# Was muss Servicetechniker wiessen



## waldy (19 Februar 2010)

Hallo,
ich möchte euch fragen,
was und wie Tief muss Servicetechinker in Bereiche:
- S7
- WinCC
- Eplan 
die kenntnisse haben?

gruß waldy


----------



## sps-concept (19 Februar 2010)

*Kenntnisse*

Das kommt wohl auf den Einsatzzweck an, oder? Ein Servicetechniker für Waschmaschinen braucht keine S7 / WinCC / Eplan - Kenntnisse. Aber da ein Servicetechniker Kundenkontakt hat sollte er sein Handwerk beherrschen.

waldy, du bist der Menderes des sps-forums ;-) Irgendwann klappts mit dem Job

André


----------



## waldy (19 Februar 2010)

Hi,
und wenn ich gehe davon, das Win CC besteht aus 4 Ebene - wieviel ebene muss Servicetechniker davon wiessen - das er dürte sich schon als servicetechniker nennen ?
gruß waldy


----------



## Blockmove (19 Februar 2010)

Waldy,

deine Frage lässt sich genauso gut beantworten wie die Frage:
"Was kostet ein Auto?"

Ich kenne Servicetechniker mit den Kenntnissen einer Putzfrau und ich kenne Servicetechniker, die lassen mich fachlich nahezu in jeder Hinsicht stehen.
Die fachlichen Anforderungen sind abhängig vom Arbeitgeber.

Gruß
Dieter


----------



## Sinix (19 Februar 2010)

Blockmove schrieb:


> Ich kenne Servicetechniker mit den Kenntnissen einer Putzfrau und ich kenne Servicetechniker, die lassen mich fachlich nahezu in jeder Hinsicht stehen.



...oder der Servicetechniker ist in der Lage sich an der richtigen Stelle zu informieren wenn er selbst nicht weiter weiß...

WinCC Service Level würde ich so einschätzen
[ ] Bedienen
[x] Updaten
[ ] Kleine Änderungen
[ ] Projektieren


----------



## Lipperlandstern (19 Februar 2010)

waldy schrieb:


> Hallo,
> ich möchte euch fragen,
> was und wie Tief muss Servicetechinker in Bereiche:
> - S7
> ...



Hallo Waldy.

Ohne dir nahetreten zu wollen......

Deutschkenntnisse könnten helfen. 


Und es kommt echt drauf an was du machen willst......  aber das wurde ja schon erwähnt....


----------



## bimbo (19 Februar 2010)

Zumindest sollte man das Wort "Wissen" schreiben können!


----------



## rostiger Nagel (19 Februar 2010)

Lipperlandstern schrieb:


> Hallo Waldy.
> 
> Ohne dir nahetreten zu wollen......
> 
> ...


 
Ich denke mal Deutschkenntnisse sind nicht so wichtig, Technische 
Wissen ist doch erst mal das was zählt. Deutsch nützt ein oft auch
nicht viel wenn man in nicht Deutschsprachigen Ländern unterwegs
ist.
Ich bezweifle aber stark das es beim Themenstarter weder für Service
noch für Technik reicht.


----------



## The Big B. (19 Februar 2010)

Ich denke es kommt immer drauf an für welche Art Maschine man Service machen will und wieweit der Service geht, wenn nur repariert wird und der Fehler bekannt ist, braucht man meiner meinung nach keine großen SPS kenntnisse und Eplankenntnisse garnicht. 

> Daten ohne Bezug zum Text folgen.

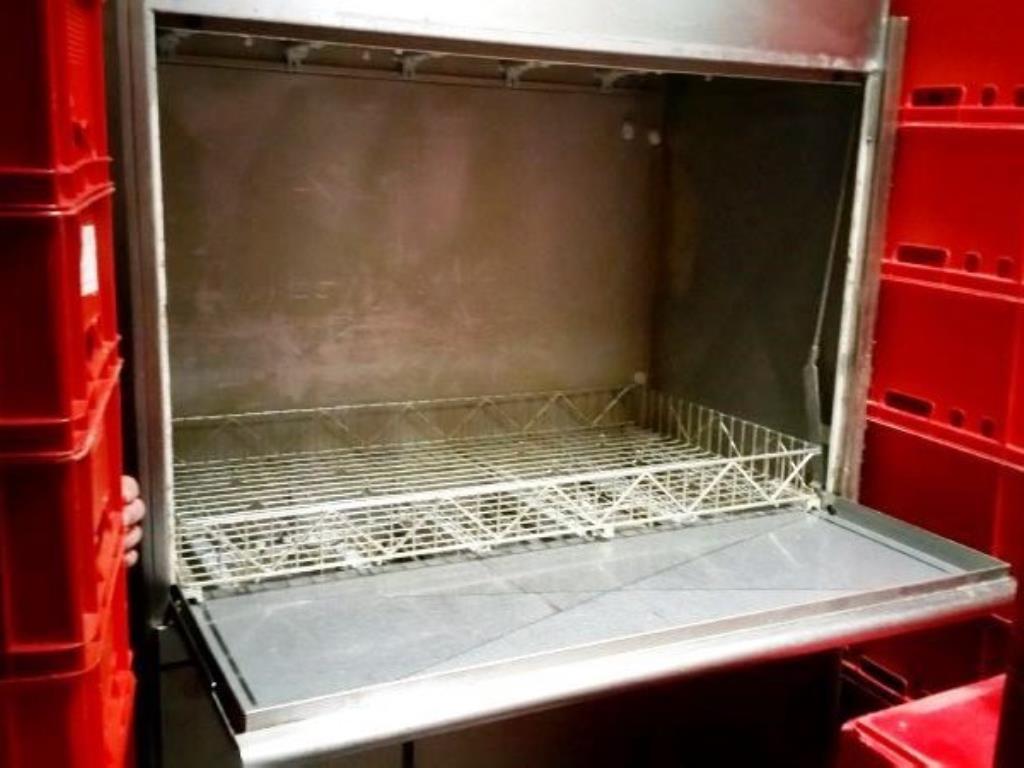 máquinas de talho em bom estado de conservação

-2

Ich hab die erfahrung gemacht dass es 2 verschiede arten von Servicetechnikern gibt, die die ständig ihre kollegen anrufen müssen und die die ständig angerufen werden.


----------



## Approx (19 Februar 2010)

Ich wollte nur mal anmerken, daß die Bezeichnung 'Service-Techniker' keine geschützte Berufsbezeichnung ist. Der Typ, der bei uns den Cola-Automaten auffüllt, ist auch ein Service-Techniker...

 Approx


----------



## rostiger Nagel (19 Februar 2010)

Approx schrieb:


> Ich wollte nur mal anmerken, daß die Bezeichnung 'Service-Techniker' keine geschützte Berufsbezeichnung ist. Der Typ, der bei uns den Cola-Automaten auffüllt, ist auch ein Service-Techniker...
> 
> Approx


 
So hab ich es noch nicht gesehen, ich ziehe meine ausage weiter oben
zurück für Cola Automaten könnte es reichen.....oder vlt. auch nicht


----------



## Gerhard K (19 Februar 2010)

Servicetechniker werden in den verschiedensten Berufsgruppen benötigt.
Und für Arbeiten von A-Z. Man sollte sich das Anforderungsprofil der Stellenausschreibung oder das Firmenprofil ansehen.
Wenn man nicht ganz dumm ist, sollte man da einiges rauslesen können,was von einem erwartet wird.
lg gerhard


----------



## eYe (19 Februar 2010)

Ihr habt Cola-Automaten auf denen WinCC läuft?


----------



## Gerhard Bäurle (19 Februar 2010)

eYe schrieb:


> Ihr habt Cola-Automaten auf denen WinCC läuft?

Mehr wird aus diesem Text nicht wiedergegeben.